Fig. 1 is a conceptual diagram of the present invention, showing the relationship between the design hierarchy and the wiring layer, and Fig. 2 shows an example of application of the present invention.
(B) and (C) are plan views of wiring layers corresponding to the first to third hierarchies. l...First layer wiring, 2...Second layer wiring, 3...Third layer wiring, 4...Fourth layer wiring, 5...Transistor, 6...First place and 2nd connection point, 7... 2nd and 3rd connection point, 8... Connection point between 2nd layer and 3rd layer wiring, 9... 3rd layer and 4th layer wiring connection point, 10-12・
...Various circuit blocks, 13...chips.

Claims (1)

[Claims] 1. In an integrated circuit in which a plurality of design layers are stacked to form a multilayer wiring structure, each layer is associated with one or more specific wiring layers to form a circuit design for each layer.
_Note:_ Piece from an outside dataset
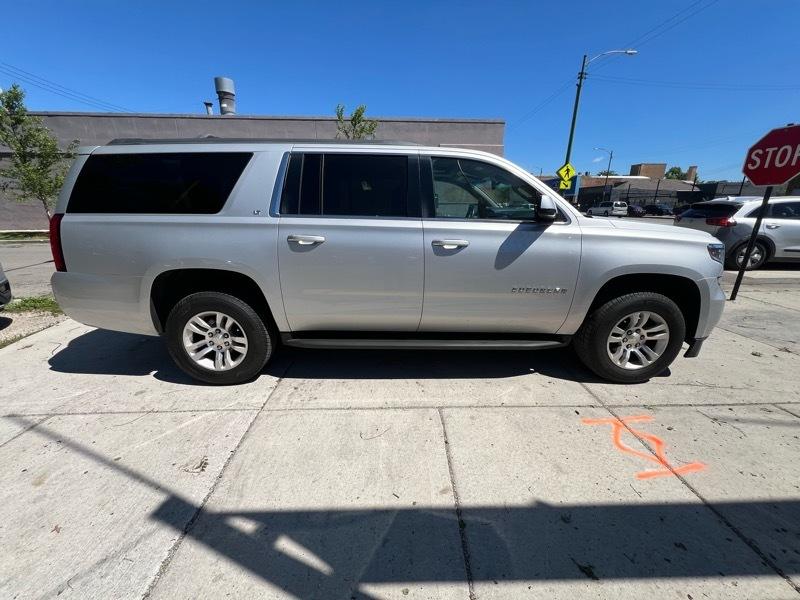 Chevrolet Suburban LT 4WD 2016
An integrated circuit device characterized by: 2. The integrated circuit device according to claim 1, wherein the specific wiring layer includes one wiring layer and lower wiring layers. 3. The integrated circuit device according to claim 2, wherein the wiring layers used over a plurality of levels have a main wiring laying direction defined in one direction. 4. The integrated circuit device according to claim 3, wherein the main wiring directions between the wirings in adjacent wiring layers are orthogonal to each other.